Şiddet artarsa herkes kaybeder
Muhammet Akar (eski AK Parti Diyarbakır Merkez İlçe Başkanı): Nevruza kadar çözüm bulunmaması halinde Türkiye, daha büyük tuzaklarla karşı karşıya gelecek. Bir karmaşa ortamında başta
Kürtler olmak üzere bütün demokratlar kaybeder. Türkiye, bu çatışma ortamında enerjisini tüketir. Oysa
ülke son dönemlerde dış politikada çok ciddi adımlar attı. Bölgesel aktör olma yolunda ilerliyor. Ama şiddet artarsa Türkiye, içine kapanır. AB ile ilişkileri zora girer. Pandoranın kutusu kötü yönde açılırsa herkesin kaybı olur.

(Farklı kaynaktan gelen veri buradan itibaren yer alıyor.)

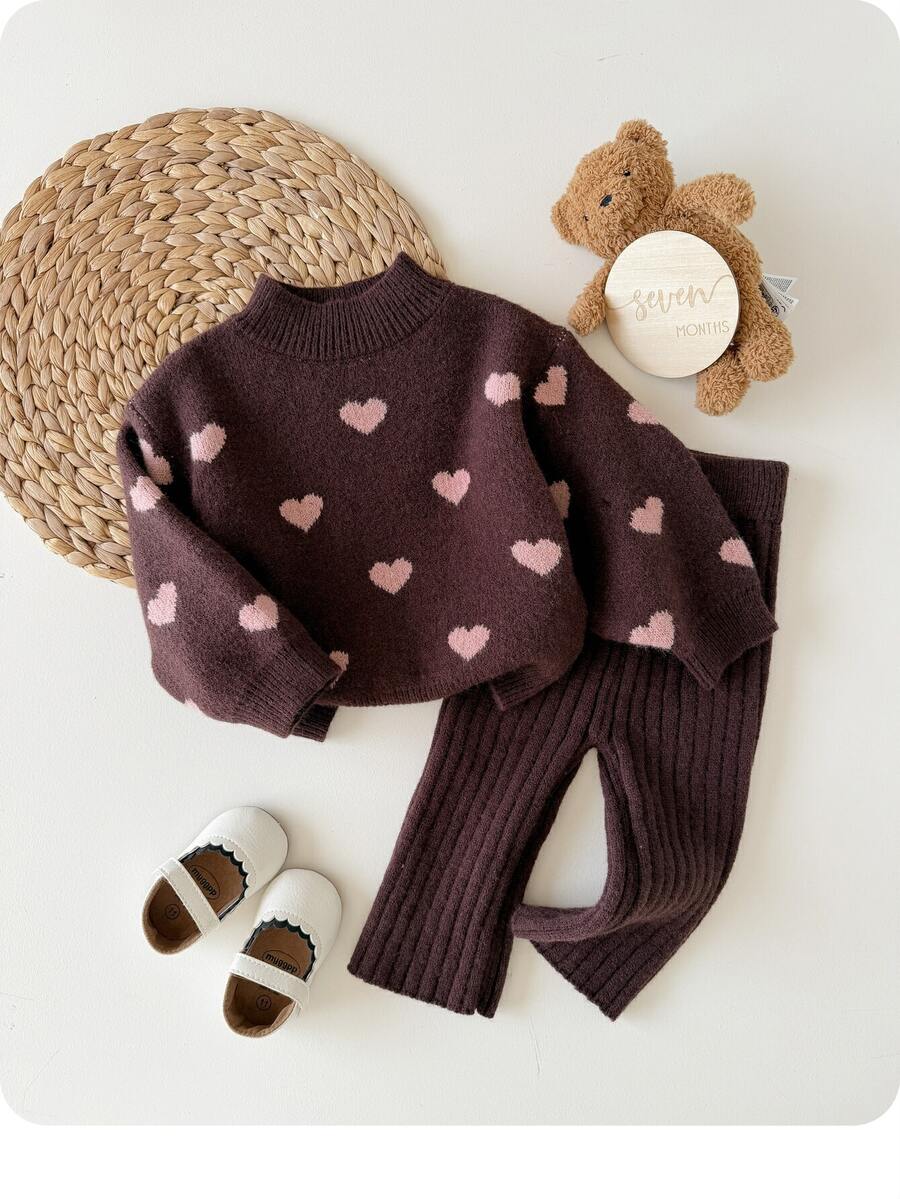 SHEIN 2pcs Baby Girl Cute Polka Dot Long Sleeve Sweater & Elastic Waist Pants Set, Casual Autumn/Winter Fall - Brown - View 1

Biz kardeşiz, oyuna gelmeyin
Hafız Ali Mülayim (Emekli imam): Güneydoğu'da sürekli oynanan oyunlar, bu sıralar ülkenin farklı bölgelerinde sahneleniyor. Herkesin bu süreçte dikkatli olması, oyuna gelmemesi gerekiyor. Birlik ve beraberliğimizi unutmamalı, bunun çimentosu olan din kardeşliğimizi ön plana çıkarmalıyız. Bölgede huzursuzluğun nihayete erdirilmek istendiği bu süreçte herkes sükunetli olmalı, siyasiler halkı sakinleştirecek mesajlar vermeli. Gerginliğin kimseye faydası olmamış, hiç kimse kavgadan kârlı çıkmamıştır. Böyle zor dönemleri daha önce de yaşadık.

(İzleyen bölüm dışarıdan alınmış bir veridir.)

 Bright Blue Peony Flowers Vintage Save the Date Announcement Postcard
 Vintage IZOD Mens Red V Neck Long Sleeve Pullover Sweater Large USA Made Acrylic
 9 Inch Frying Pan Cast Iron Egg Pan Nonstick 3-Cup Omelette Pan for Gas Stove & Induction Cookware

Çözüm istemeyenler rahatsız oldu
Fethullah Erbaş (Eski milletvekili): Burada en büyük iş, siyasi parti liderlerine düşüyor. Herkes kendi tabanına hakim olmak için gayret göstermelidir. Daha önce
terör olayları sebebiyle günde belki 40 ile 50 şehit cenazesi kalkıyordu. Çatışmaların en yoğun olduğu dönemlerde bile Türk-Kürt çatışması çıkmadı. Şimdi bu sorunun çözülmesi için adımlar atılırken rahatsız olunmaya başlandı. Herkesin aklıselim içinde hareket etmesi gerekiyor. Türkiye, yaptığı birtakım açılımlarla hem kendi bölgesinde hem de dünyada önemli ülkeler arasındaki yerini alıyor. Bu, Türkiye'nin düşmanlarını rahatsız ediyor. Bundan rahatsızlık duyan ve Türkiye'nin kendi iç sorunlarıyla meşgul olmasını isteyenler, bu tür sorunlarla önümüze sorunlar çıkarıyor.
Siyasi rant için geleceğimizi karartmayın
Ahmet Şen (Hakkâri Ticaret ve Sanayi Odası Başkanı): Siyasi rant için toplumu kamplara bölenler gelecekte bunun vebalini öder. Bu topraklar üzerinde bin yıldır kardeş gibi yaşamışız, topraklarımızı ve vatanımızı korumak için cephelerde yan yana mücadele vererek şehit olmuşuz. Oğlu şehit olan Manisalı
baba, şehitliğe giderken bir tarafında Mardinli diğer tarafta Trabzonlu şehit mezarını görünce acısını içine gömüyor. Etle tırnak değil, etle
kemik gibi olmuşuz. Burada provokasyonların olmaması için en büyük sorumluluk siyasi parti liderlerine düşüyor.